Beyond Great

Beloved  a novel by Toni Morrison.  Vintage.  324 pp.  $16.00. *****

I’ve been asking myself lately what literary greatness is, and how it comes about.  Does the artist actually see and understand more than the rest of us, or does she just put it into words better?  Back in the old days we talked about writers having talent, other writers having genius, as if that were another thing altogether.  But those are just words.  What do they mean?

I’ve said that I think Toni Morrison was a great writer from the start, all her novels are great in some way, but Beloved is at another level.  If she had not written this novel she probably wouldn’t have won the Nobel Prize, and wouldn’t have the high standing she occupies.  But the question “How did she do this?” is utterly stupefying to me.  It’s like confronting the first section of The Sound and the Fury, or that whole book.  As a jazz musician once said about Louis Armstrong, “You just wonder where a guy like that came from.”

There’s also the sheer nerve involved, the possibility that the world would find it laughable, or offensive.  We look back now and say that could never be true, but her daring impresses me as much as anything else.  Again, as Faulkner said when his third novel, Sartoris, had failed and he was about to start The Sound and the Fury, he would just write it and be damned.

In the documentary about Morrison, Oprah Winfrey claims that she read Beloved in a single day, starting in the morning and finishing that evening.  I don’t see how she could take it.  As great as Beloved is, and as magnificent the language, it was difficult to pick up every night.  It was too heavy, too painful.  Once I got into it every evening the language carried me away.  But that reluctance never left.

On one level, Beloved is a ghost story.  In 1873, a house in Cincinnati is haunted by a spirit.  The woman who lives there, Sethe, is a former slave, and her daughter Denver is so traumatized by the situation that she never leaves the house, and is terribly shy and withdrawn.  Her brothers, twins named Howard and Buglar, have already left, at the age of 13, and Sethe’s mother in law, a preacher named Baby Suggs, has died.  A friend of Sethe’s from her past named Paul D, a man who knew her when they were both slaves, comes to visit, and in the process of becoming Sethe’s lover—something he had dreamed of in the old days—he rids the house of the spirit, and brings the place back to reality.

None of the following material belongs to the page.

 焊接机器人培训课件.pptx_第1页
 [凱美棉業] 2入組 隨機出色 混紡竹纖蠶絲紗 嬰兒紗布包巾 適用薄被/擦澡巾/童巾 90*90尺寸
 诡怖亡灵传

But then one day a young woman appears—as we see her in the novel, she emerges from a lake—and waits for the family.  She’s the age Sethe’s other daughter would have been if she hadn’t died.  She says her name is Beloved.  That’s the word on the dead daughter’s tombstone.

This isn’t a spirit.  She’s not a hallucination.  She’s a flesh and blood human being who walked out of a lake.

It’s like an act of resurrection.  It’s like Jesus emerging from the tomb.

There is so much in the novel that is startling, even to get to this point in the plot, that it’s hard to remember it all.  Paul D and Sethe had been slaves at a small plantation called Sweet Farm where the owners were relatively benevolent.  Still, the young men, including Paul D—there were five in all—had no sexual outlet whatsoever, so they had sex with barnyard animals until the teenage Sethe, a new arrival, made her choice.  When the owner of the farm died, his wife brought in another man to oversee the place, and he was not nearly as benevolent as his predecessor.  The fact is that all of these slaves, young vibrant people, were owned by other human beings.  One slave who found freedom—it may have been Paul D—was startled when he woke up one morning and realized he could do whatever he wanted to.  No one was prescribing his actions.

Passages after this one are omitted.